The Best Thing I Did in 2022 Was Get Rid of My Pants That Didn’t Fit
I’d feel bad about my pants no longer fitting; then I’d feel bad about feeling bad and stress about the expense of buying new jeans. No more.
Ask the ExpertsLifestyleIs this because I’m 30 or because of the pandemic? is a question I found myself asking a lot in 2022. Did my sciatica decide to flare up one cold November day because I worked one hour too many sitting in a non-ergonomic chair, or because it realized “oh, we’ve been doing this for three full decades now”? (Jury’s out.) Did my nose start breaking out because of some secret third hormonal shift no one warned me about, or because I’d gotten in the habit of wearing the same mask for too many days in a row? (It was the mask.) Did my body change in certain ways because my daily routine was pretty drastically altered nearly three years ago, or because that’s just what bodies do as we age? (Would love to know the answer to this one.)
And while I love to pontificate on the cause, the effect is the same: How I carry my weight now is different than it was three years ago. As such, many of the jeans I wore then do not fit me now. There were moments where that wasn’t true, and I held on to these pants for those few days every couple of months where some combination of factors allowed me to button them without deep physical or emotional discomfort.

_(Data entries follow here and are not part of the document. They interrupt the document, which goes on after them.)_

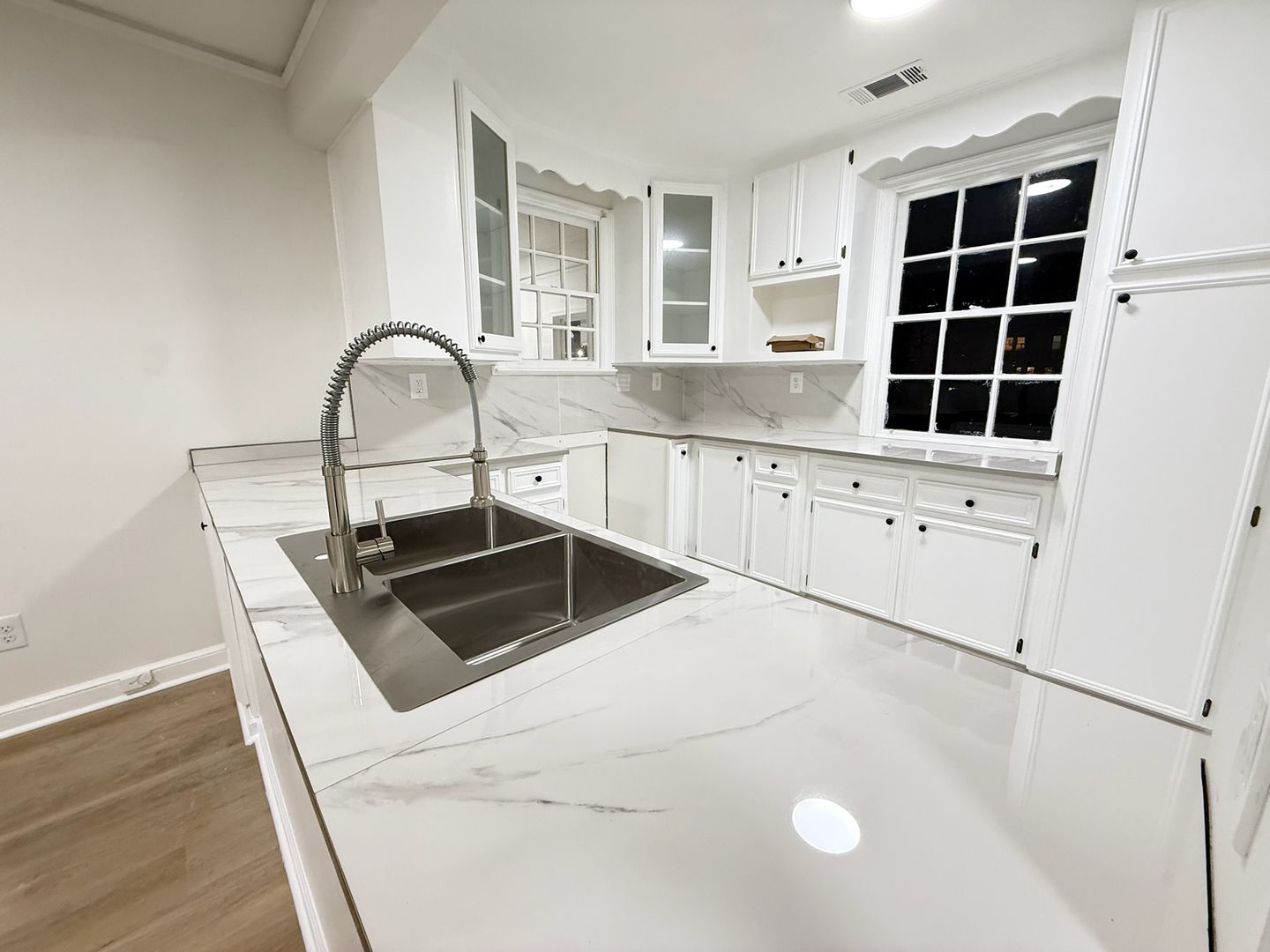 Montgomery House: 3939 Camellia Dr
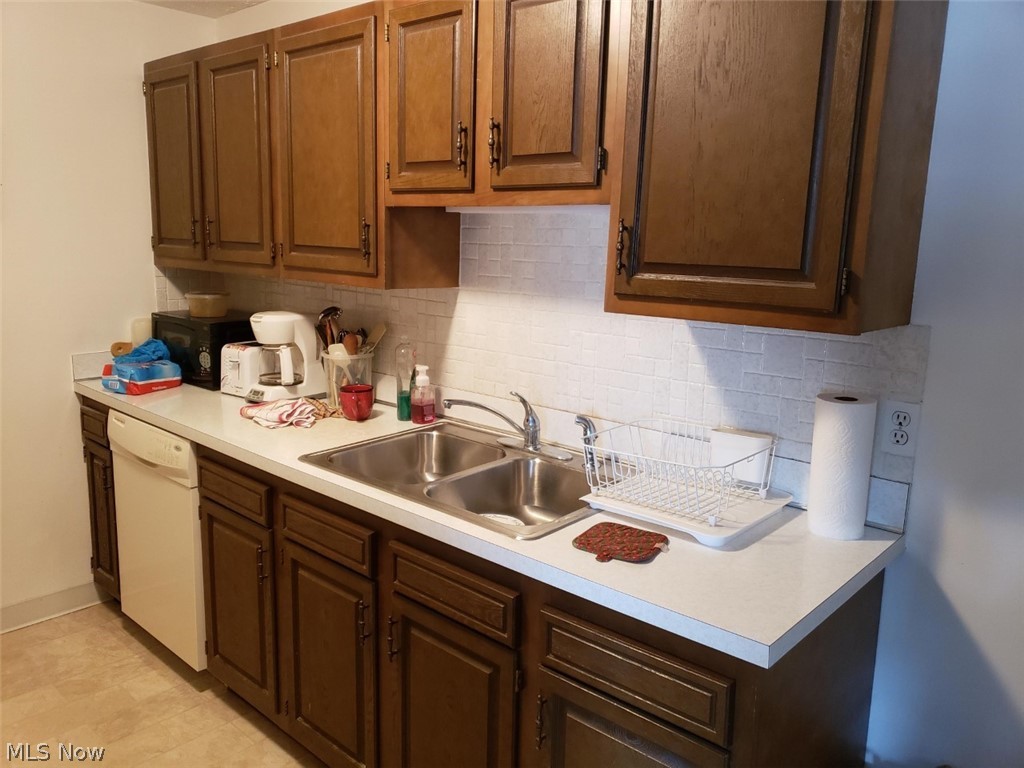 Sunrise Cove Condo 05 - Residential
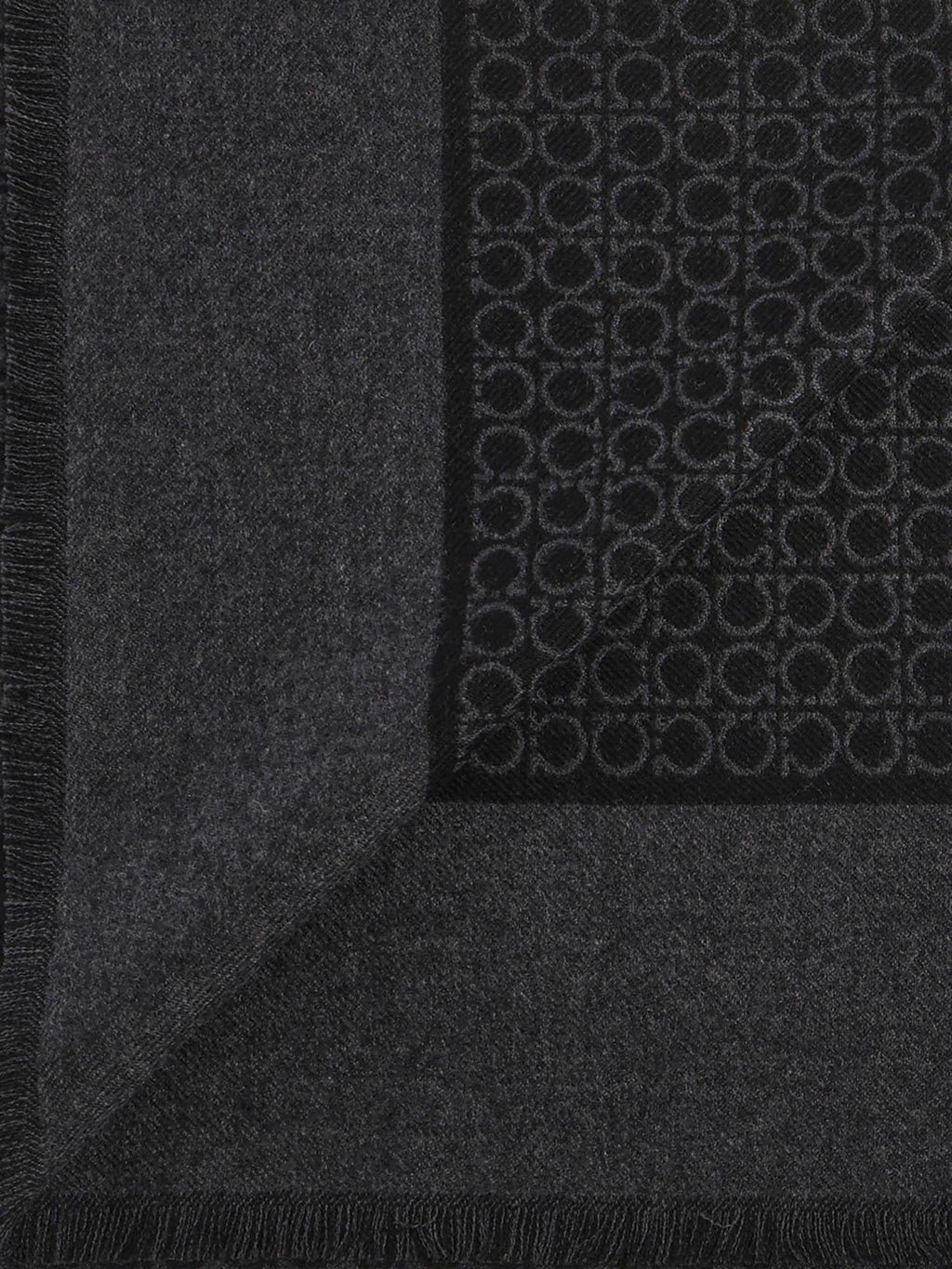 Оригінальна Sciarpa Gancini In Cashmere Salvatore ferragamo – вид ззаду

But those times were few and far between; what usually happened is that I’d absentmindedly put them on every other week, remember they didn’t fit right, and be in a foul mood going into whatever it was that required me to put on hard pants. I’d feel bad about myself for no longer fitting into them; then I’d feel bad about feeling bad and stress about the expense of buying multiple new pairs of jeans. Then I’d be angry at society for making me think I should be smaller, but also at capitalism for encouraging me to just shop my way out of a problem, and and and…
This cycle took up much of my 2022. And then one day, when I was going to a consignment shop, I randomly pulled out a pair of pants I hadn’t worn in years. Beacon’s Closet bought them (a huge ego boost, for anyone unfamiliar with the specific shame of bringing what you think are your coolest clothes to a reseller, only to have them reject every single item), which flipped a switch inside of me: I didn’t have to have these pants. Someone else could have them!

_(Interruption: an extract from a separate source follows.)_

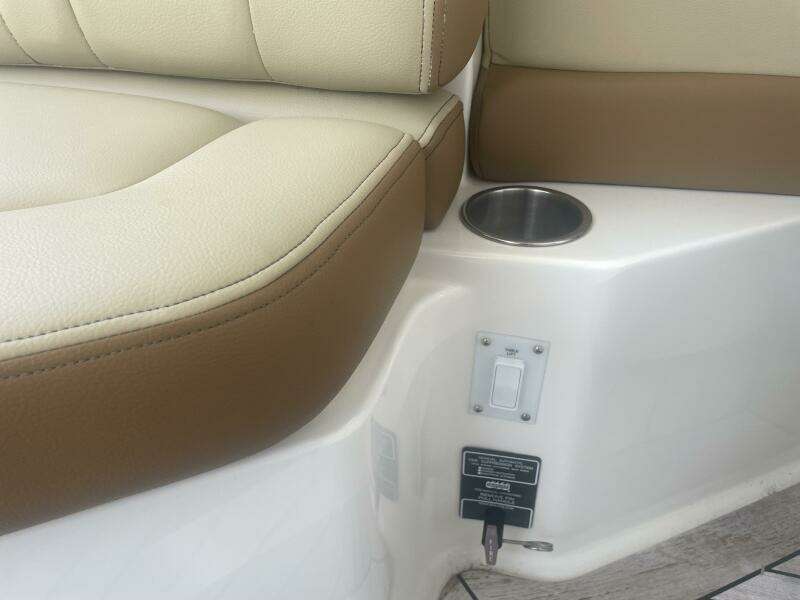 35ft Sea Ray Yacht For Sale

I pulled out the remaining pairs of offending jeans—including a skin-tight black pair which were offensive in multiple ways—and posted them on my local Buy Nothing Facebook group. “Must take all three pairs,” I wrote, needing a clean break. Within 24 hours, a neighbor had come to take them off my hands. I was free of these fucking too-small pants. It was amazing.
I had four remaining pairs of pants (I don’t know if that’s a lot or a little for most people, but it was half the size of my previous collection), but they all fit. Opening my bottom dresser drawer wasn’t a psychological minefield every morning. I no longer exercised with the not-so-subconscious thought that maybe this would be the week I got back into those old jeans.
I planned accordingly and restocked during Black Friday sales—but only after going through the arduous, soul-sucking process of trying on jeans in stores (I’m sorry to tell you that accepting you’ve gone up a size does not make the actual shopping experience any better). I bought a cool pair of oversize trousers as a treat when I was in London. I’m considering further proper-fitting options now, thanks to the plethora of post-Christmas sales. (I am well aware of the privilege I am afforded to be able to do this. The vast majority of brands make clothes for people like me—a cis, straight-sized woman—however much I may complain about the shopping process.)
So if you can, my new year’s advice for you is to get rid of your pants (or shirts, or bras, or whatever category of clothing gives you the most grief) that don’t fit you anymore, whatever that means to you. It’s already had an outsized impact on my life.